# [Task requirements]
Output only the lines below from the one holding "Solid V Neck Short Sleeve T Shirt" down to the one holding "Armoire polyvalente 4", both end lines included and every picture dropped.

# [Record excerpts]
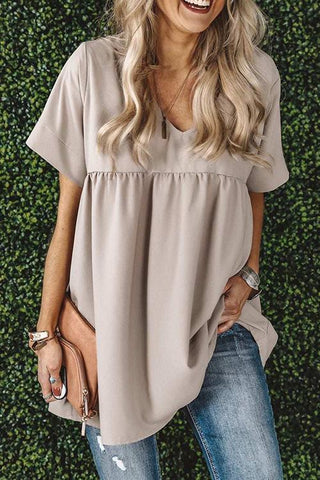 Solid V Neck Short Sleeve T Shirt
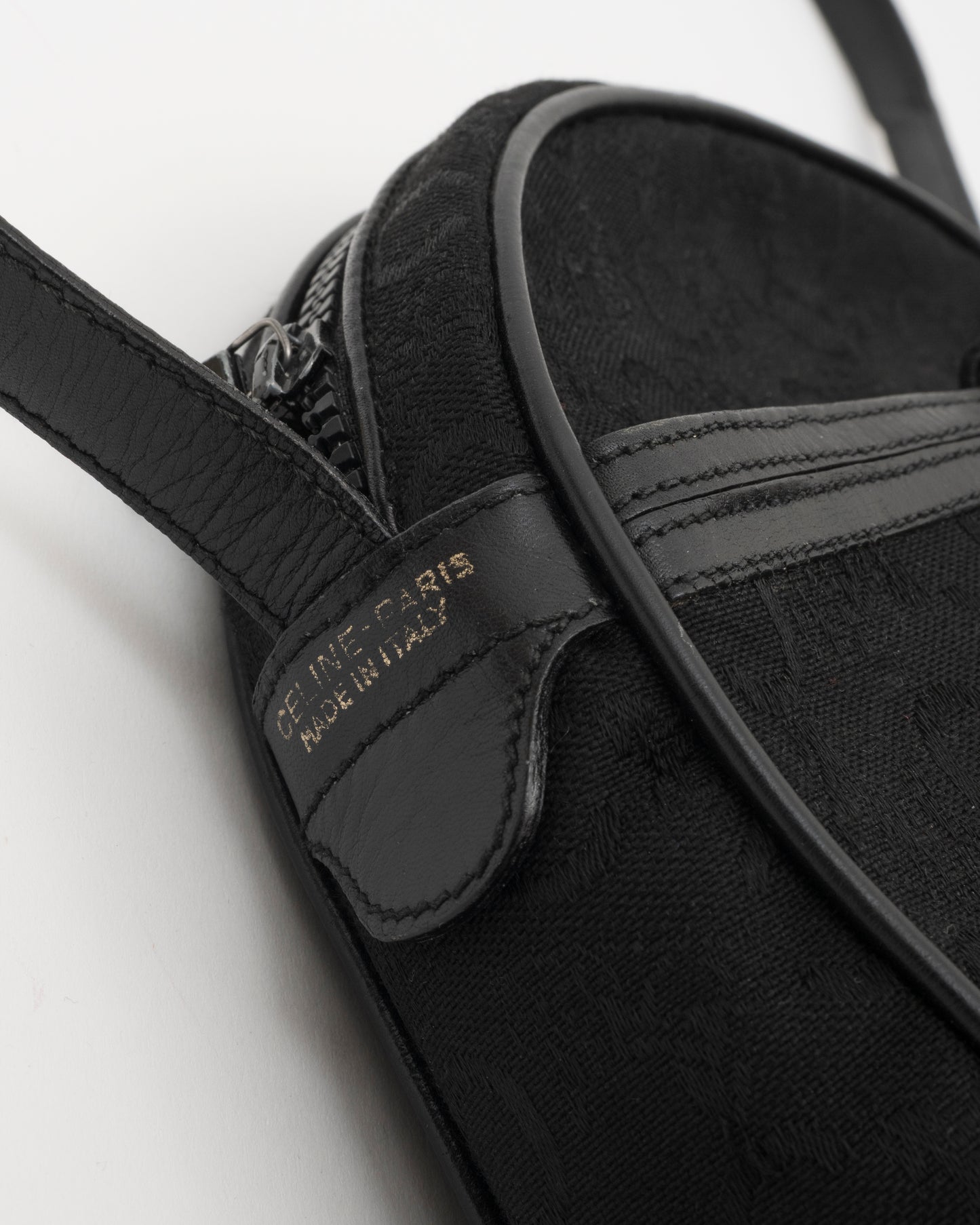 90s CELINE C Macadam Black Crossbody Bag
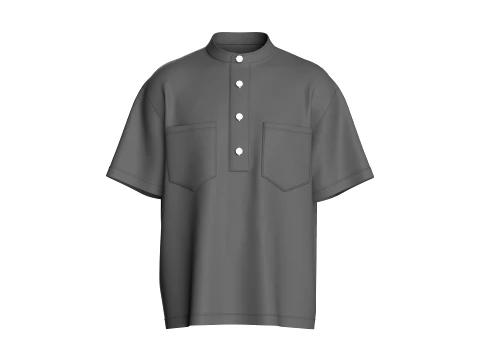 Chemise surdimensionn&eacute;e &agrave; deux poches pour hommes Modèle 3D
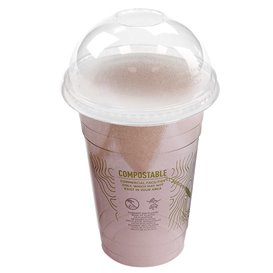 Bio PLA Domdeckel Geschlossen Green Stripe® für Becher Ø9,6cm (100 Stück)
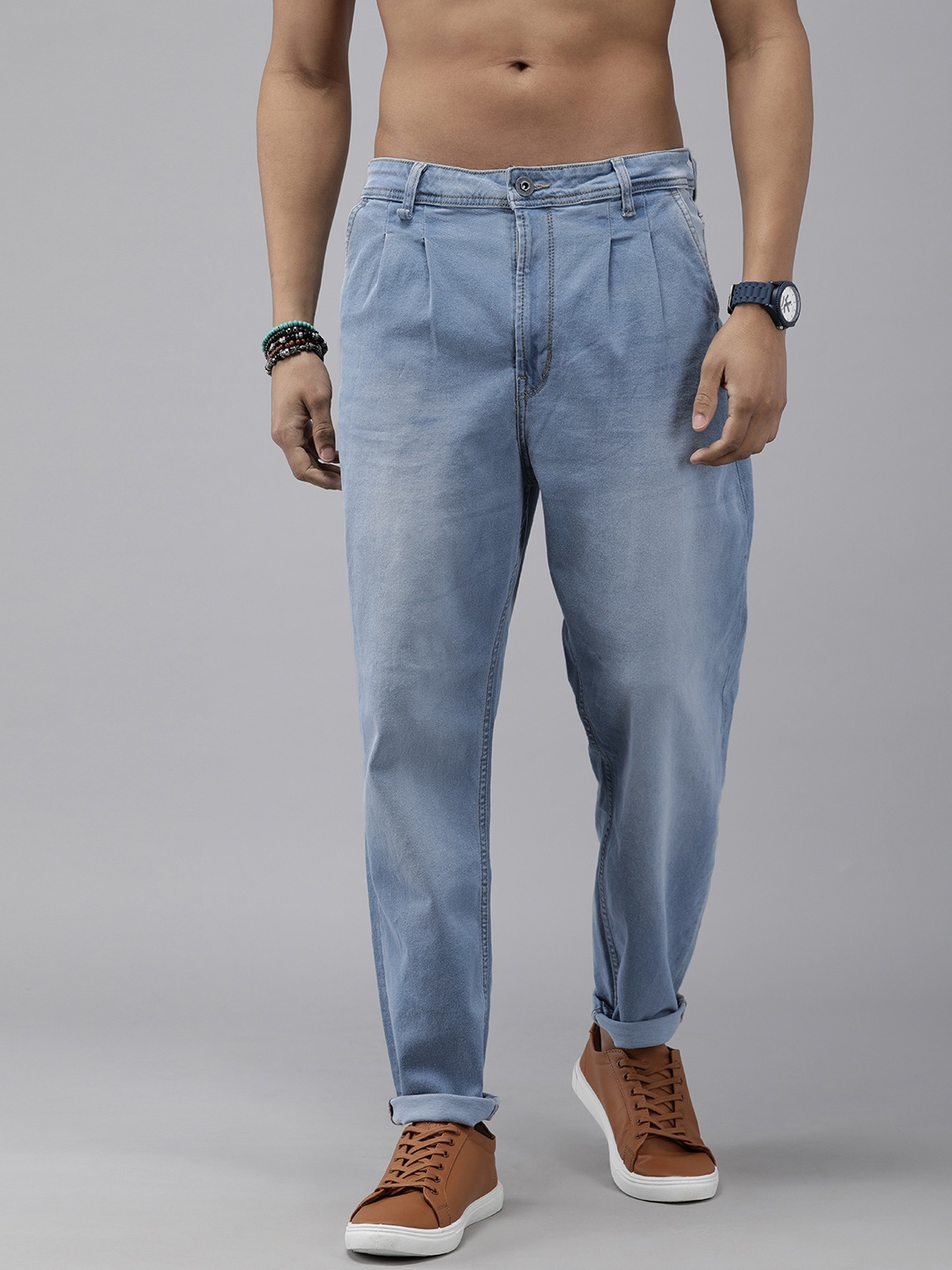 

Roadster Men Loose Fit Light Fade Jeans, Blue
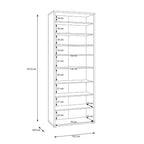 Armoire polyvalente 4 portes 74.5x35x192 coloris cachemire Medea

---

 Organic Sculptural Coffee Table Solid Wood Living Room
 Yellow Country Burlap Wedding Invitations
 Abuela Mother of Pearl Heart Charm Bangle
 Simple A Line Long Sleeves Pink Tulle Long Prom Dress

* * *

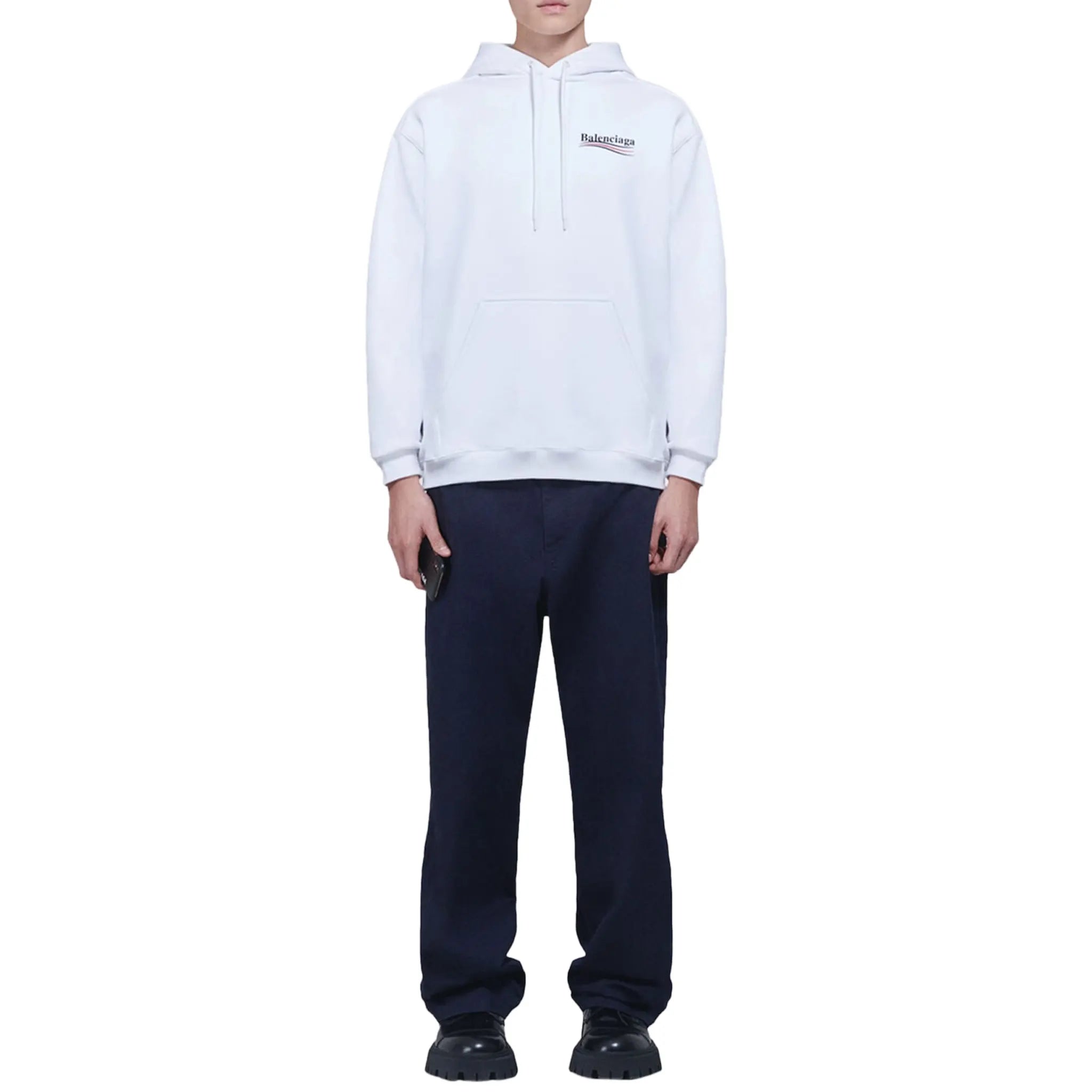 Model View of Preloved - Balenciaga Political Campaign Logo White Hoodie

# [Completed exercise]
 Solid V Neck Short Sleeve T Shirt
 90s CELINE C Macadam Black Crossbody Bag
 Chemise surdimensionn&eacute;e &agrave; deux poches pour hommes Modèle 3D
 Bio PLA Domdeckel Geschlossen Green Stripe® für Becher Ø9,6cm (100 Stück)

Roadster Men Loose Fit Light Fade Jeans, Blue
 Armoire polyvalente 4 portes 74.5x35x192 coloris cachemire Medea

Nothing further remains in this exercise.